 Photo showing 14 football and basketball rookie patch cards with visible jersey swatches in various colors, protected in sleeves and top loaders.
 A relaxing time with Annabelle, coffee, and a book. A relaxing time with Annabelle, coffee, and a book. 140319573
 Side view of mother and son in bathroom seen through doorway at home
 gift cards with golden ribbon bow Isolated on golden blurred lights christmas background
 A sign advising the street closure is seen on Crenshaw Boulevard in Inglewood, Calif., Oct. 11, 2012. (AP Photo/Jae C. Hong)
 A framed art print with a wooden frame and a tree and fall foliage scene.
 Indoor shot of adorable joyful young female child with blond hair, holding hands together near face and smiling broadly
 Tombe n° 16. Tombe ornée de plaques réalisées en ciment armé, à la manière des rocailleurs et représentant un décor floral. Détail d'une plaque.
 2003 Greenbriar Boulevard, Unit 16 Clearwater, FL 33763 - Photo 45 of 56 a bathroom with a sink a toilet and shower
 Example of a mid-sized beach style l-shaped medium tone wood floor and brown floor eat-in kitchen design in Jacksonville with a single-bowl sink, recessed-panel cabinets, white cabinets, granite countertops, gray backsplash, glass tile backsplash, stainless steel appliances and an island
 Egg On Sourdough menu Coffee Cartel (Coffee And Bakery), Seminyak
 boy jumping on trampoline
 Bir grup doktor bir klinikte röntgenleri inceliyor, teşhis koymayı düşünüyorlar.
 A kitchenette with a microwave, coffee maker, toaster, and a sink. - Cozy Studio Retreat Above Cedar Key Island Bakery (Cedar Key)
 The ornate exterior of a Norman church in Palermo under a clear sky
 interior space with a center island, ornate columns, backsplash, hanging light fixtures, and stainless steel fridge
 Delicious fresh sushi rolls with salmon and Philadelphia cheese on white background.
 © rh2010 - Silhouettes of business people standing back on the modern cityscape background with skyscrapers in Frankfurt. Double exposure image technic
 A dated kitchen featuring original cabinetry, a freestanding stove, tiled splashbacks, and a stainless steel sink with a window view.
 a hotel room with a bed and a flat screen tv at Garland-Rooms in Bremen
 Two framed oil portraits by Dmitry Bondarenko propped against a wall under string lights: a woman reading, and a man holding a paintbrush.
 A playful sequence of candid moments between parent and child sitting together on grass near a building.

> [EXERCISE AIM]:
Keeping every character as it is, restate the lines above that run from the line with "The ornate exterior" through the line with "Delicious fresh sushi", both included, and nothing else.

> [THE COMPLETED TASK]:
 The ornate exterior of a Norman church in Palermo under a clear sky
 interior space with a center island, ornate columns, backsplash, hanging light fixtures, and stainless steel fridge
 Delicious fresh sushi rolls with salmon and Philadelphia cheese on white background.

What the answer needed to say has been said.